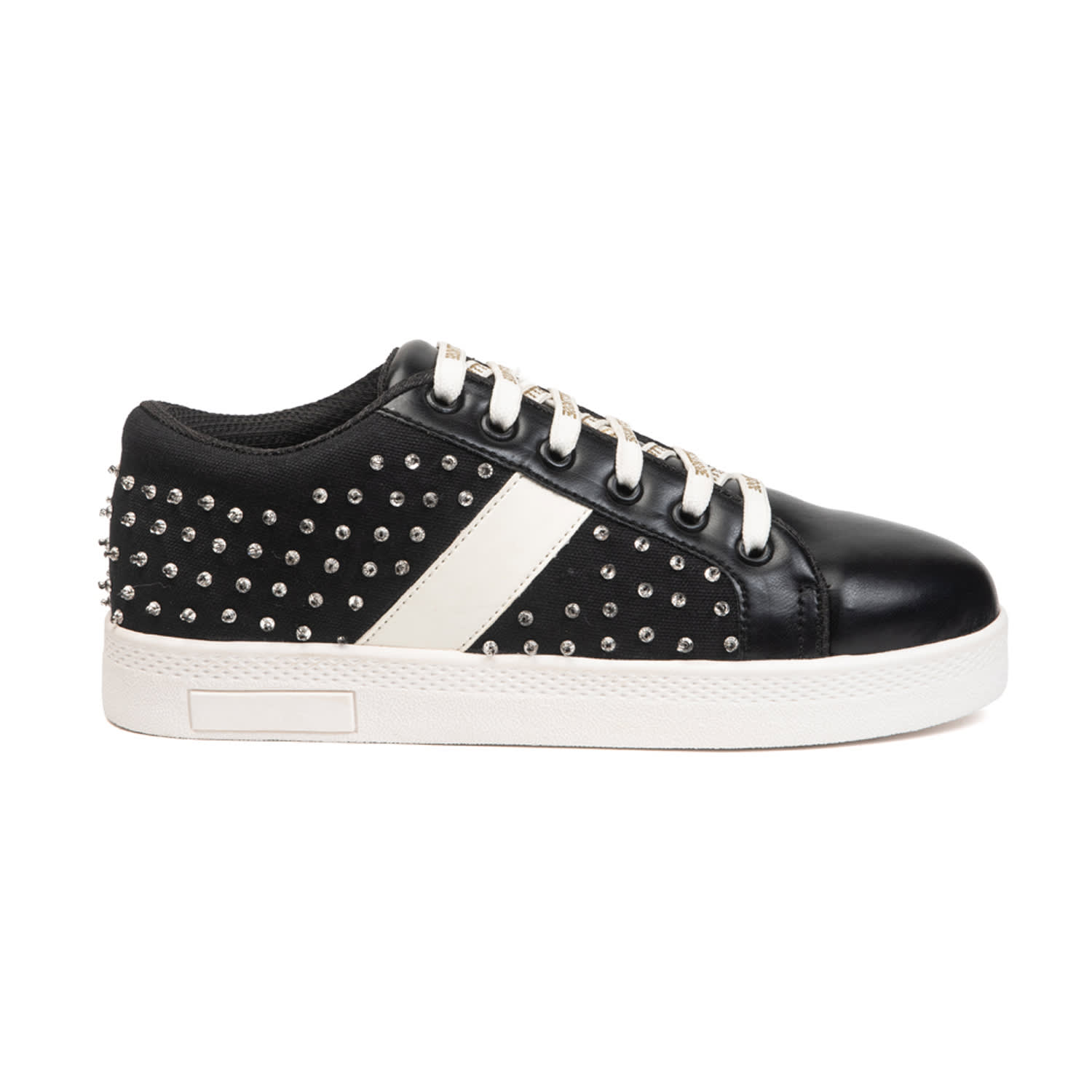 Rettrose Women's Teri Luxury Black Suede Handmade Embellished Tennis Shoe In Black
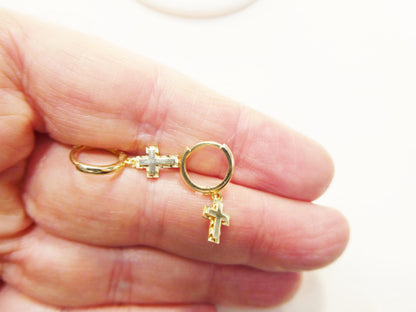 Real 10k Solid Yellow Gold Cross Dropping Hoop Huggie Earrings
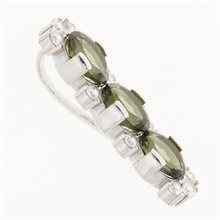 Silver pendant with moldavite and cubic zirconia 594Z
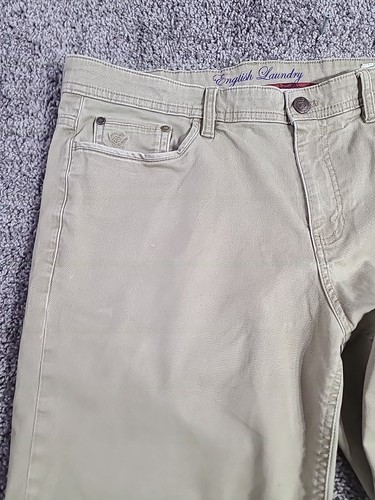 English Laundry Pants Walker Mens 34x32 Tan Khaki Flat Front Stretch Cotton Soft - Picture 5 of 13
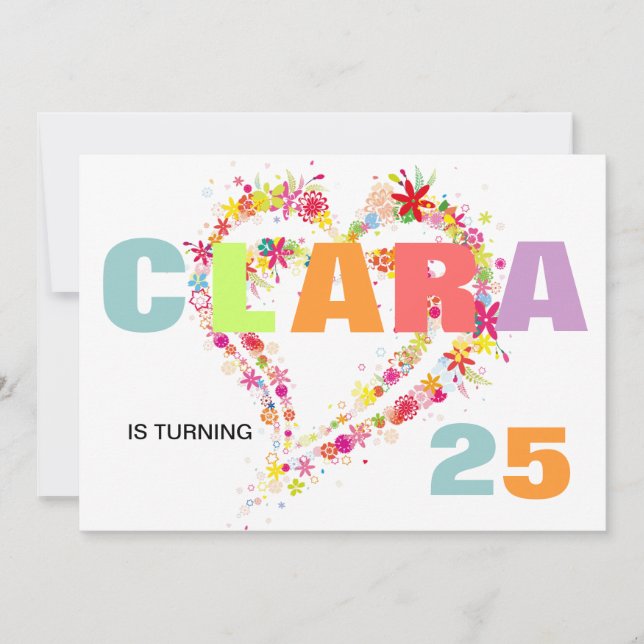 Invitación de cumpleaños de flor Wreath Heart (Anverso)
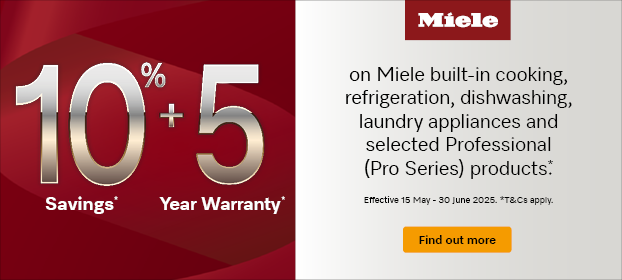 5 Year Warranty* Plus Save 10%* On Miele Appliances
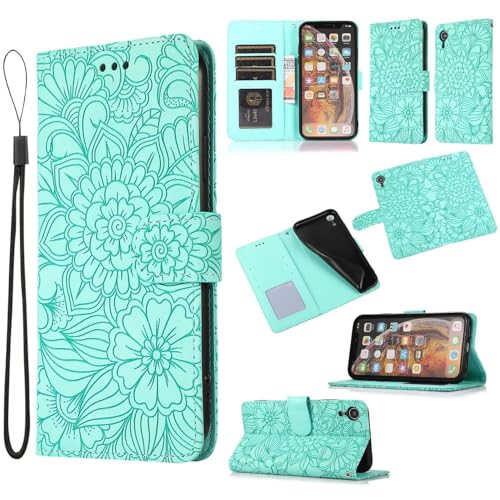 SLWYF Handyhülle für Huawei nova 7 Pro Hülle [3 Kartenfächer] [Magnet Verschluss] Leder Eleganter Prägung Schutzhülle Klapphülle Handyhülle für Huawei nova 7 Pro, Grün von SLWYF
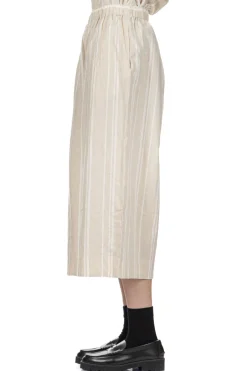 Best Nachukara Linen Cotton Check Gather Pants - Natural Stripe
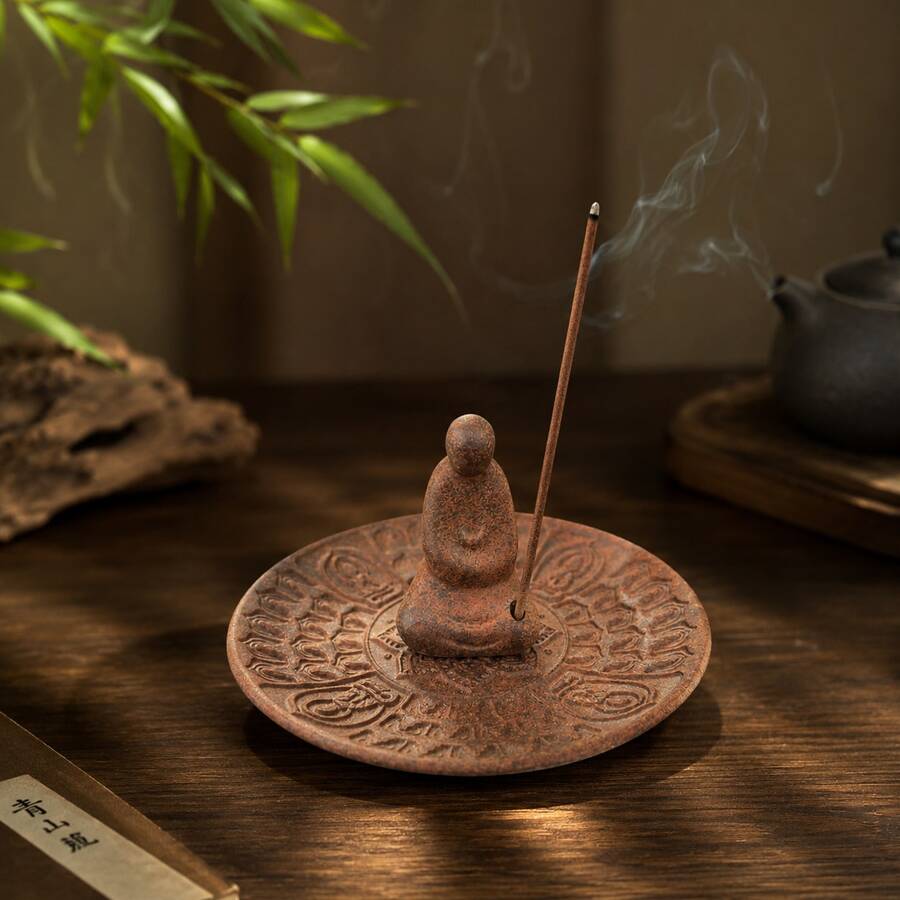 Vintage Coarse Ceramic Embossed Lotus Buddha Incense Holder, New Chinese Zen Meditation Monk Incense Tray, Home Tea Room Quiet Incense Burner, Wabi-Sabi Style Desktop Tea Table Aromatherapy Decor, Entryway Living Room Chinese Style Decorative Craft, Home Incense Storage Tray, Elegant Holiday Gift For Elders And Friends, Creative Gift - 1pc Zazen Incense Burner + Ceramic + 100g + 9.5*6cm - View 1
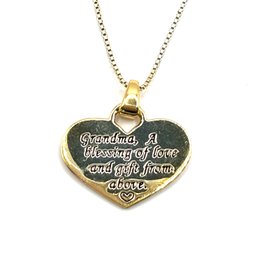 Vintage Italian Sterling Silver Chain With Vermeil Heart Inscribed Pendant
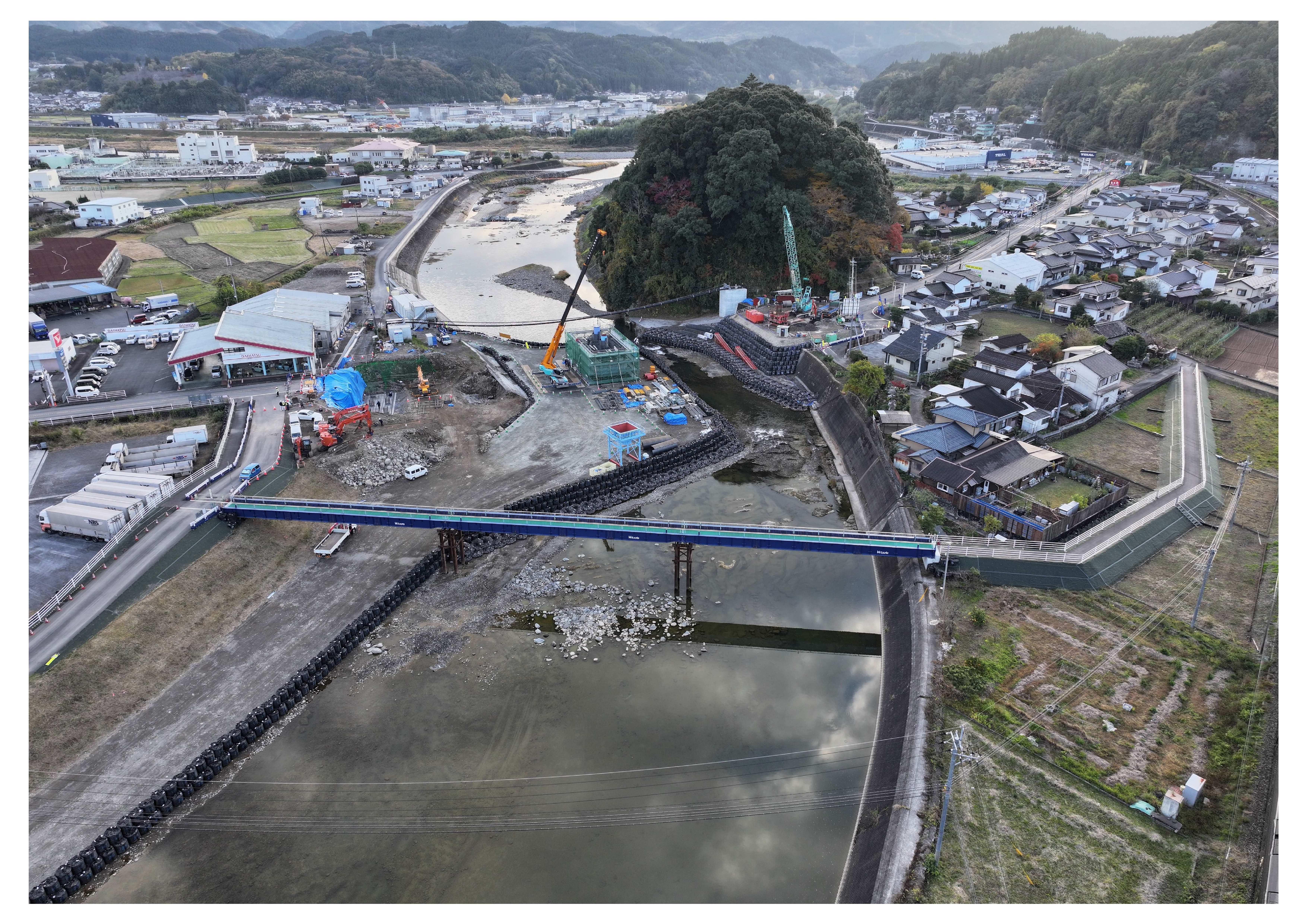 三郎丸橋復旧工事-全景状況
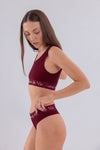 Bordo Bralet&String Takım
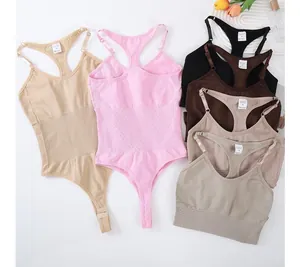 Detailed view of seamless bodysuits and crop tops in neutral tones and soft pink.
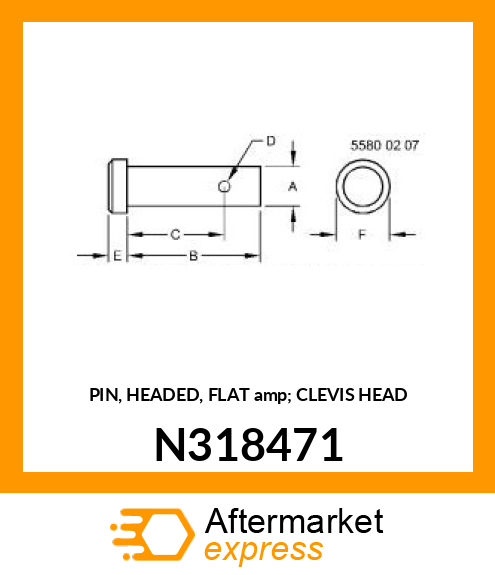 PIN, HEADED, FLAT amp; CLEVIS HEAD N318471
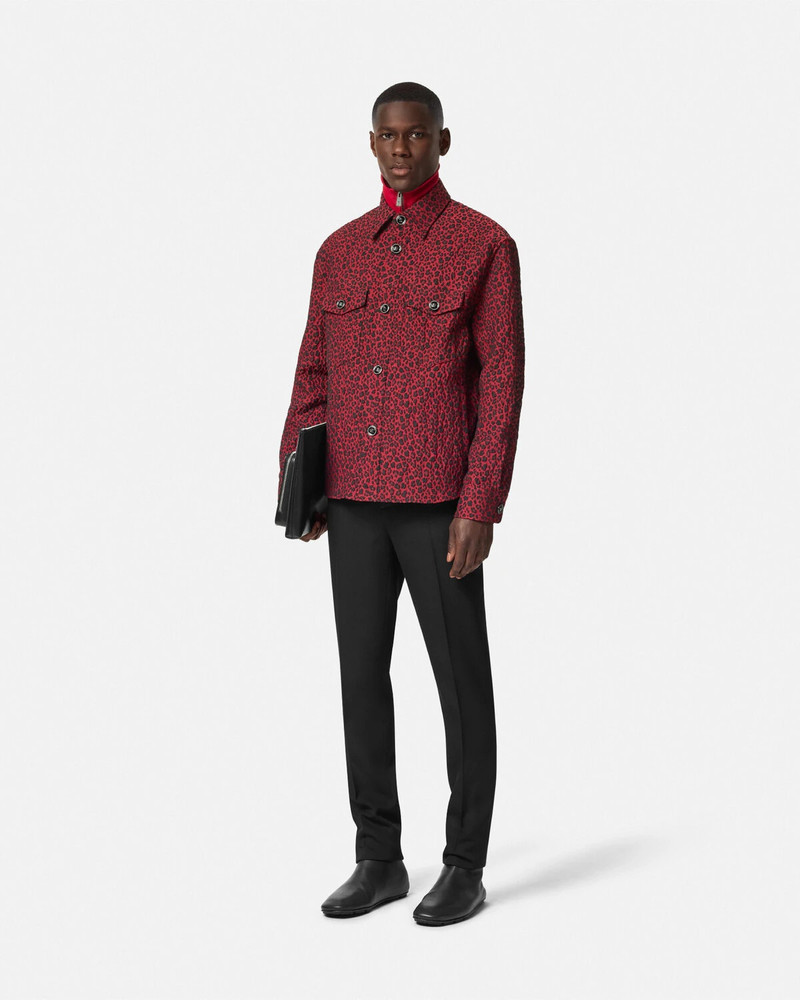 VERSACE Leopard Jacquard Overshirt outlook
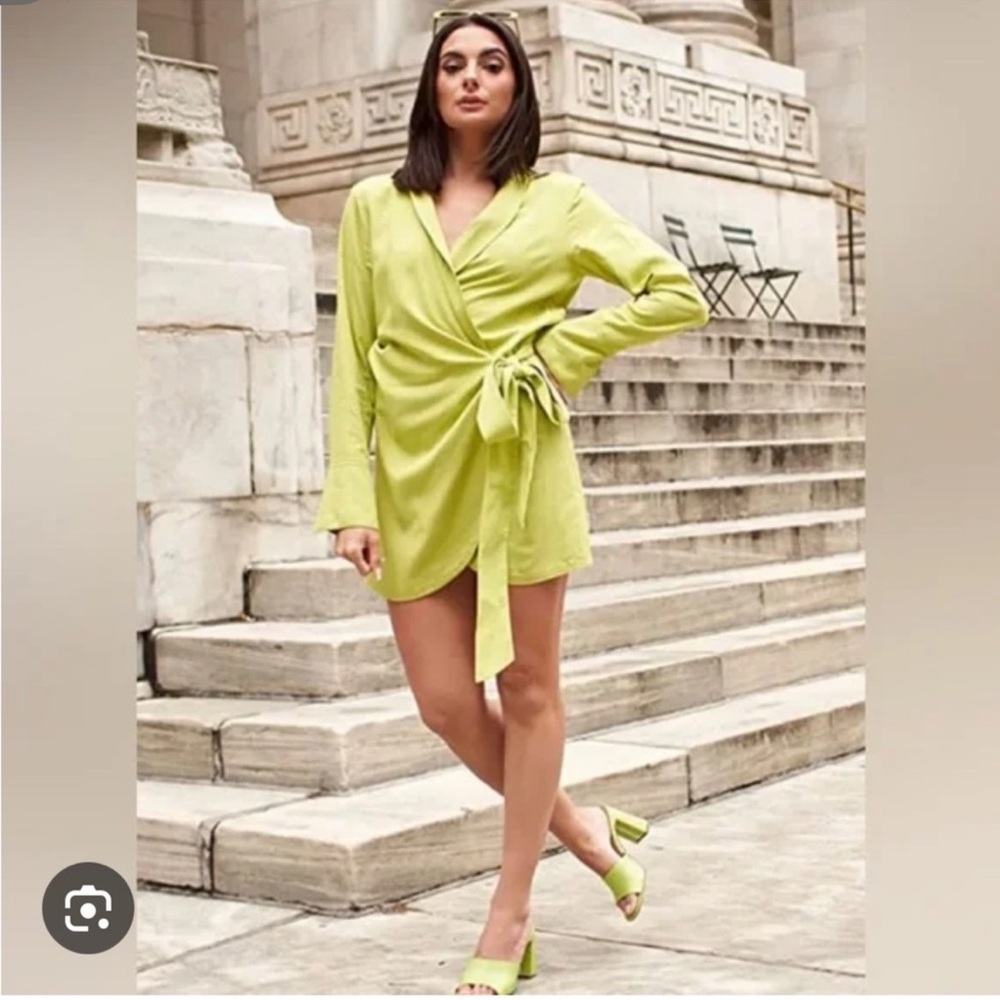 Elegant Lime Wrap Dress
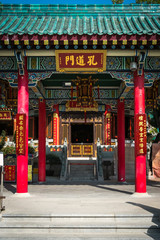  Traditional, historic Chinese architecture in Wong Tai Sin Temple, a touristic landmark in Hong Kong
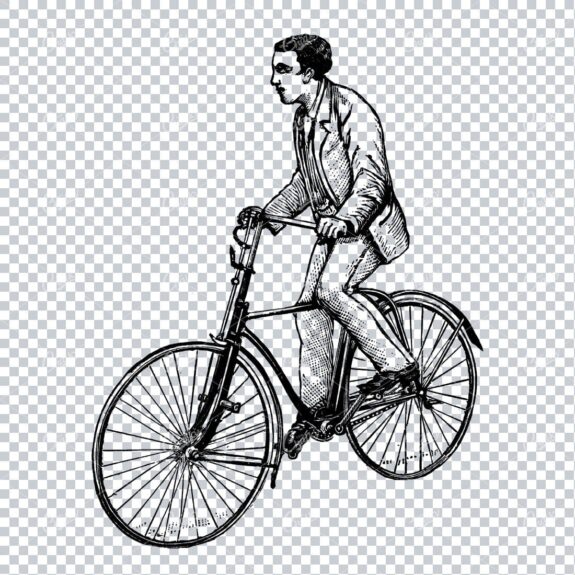 Old Artwork of a Man Riding a Bicycle No.3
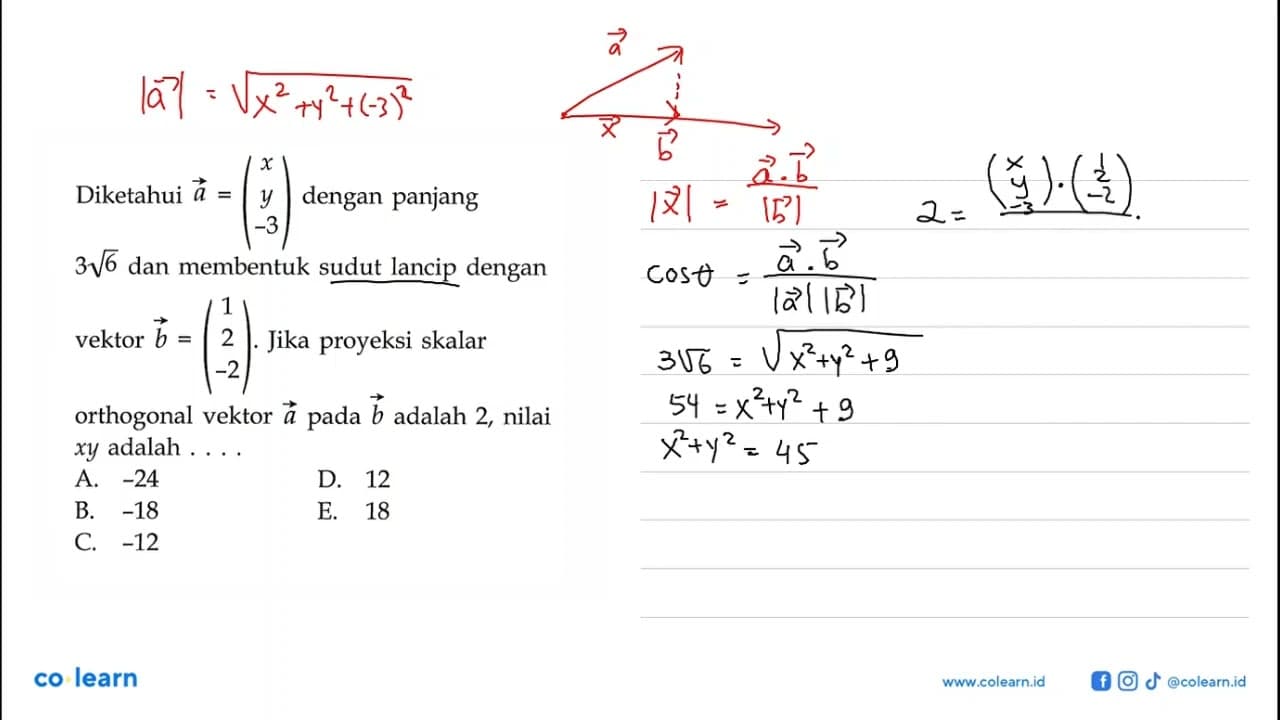 Diketahui vektor a=(x y -3) dengan panjang 3 akar(6) dan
------------------------
**PROBLEM DETAILS:** Beginning with the line containing "Elegant Lime Wrap Dress" and ending with the last line of the data, output those lines exactly and nothing more. Omit every picture.

**TASK RESULT:**
 Elegant Lime Wrap Dress
  Traditional, historic Chinese architecture in Wong Tai Sin Temple, a touristic landmark in Hong Kong
 Old Artwork of a Man Riding a Bicycle No.3
 Diketahui vektor a=(x y -3) dengan panjang 3 akar(6) dan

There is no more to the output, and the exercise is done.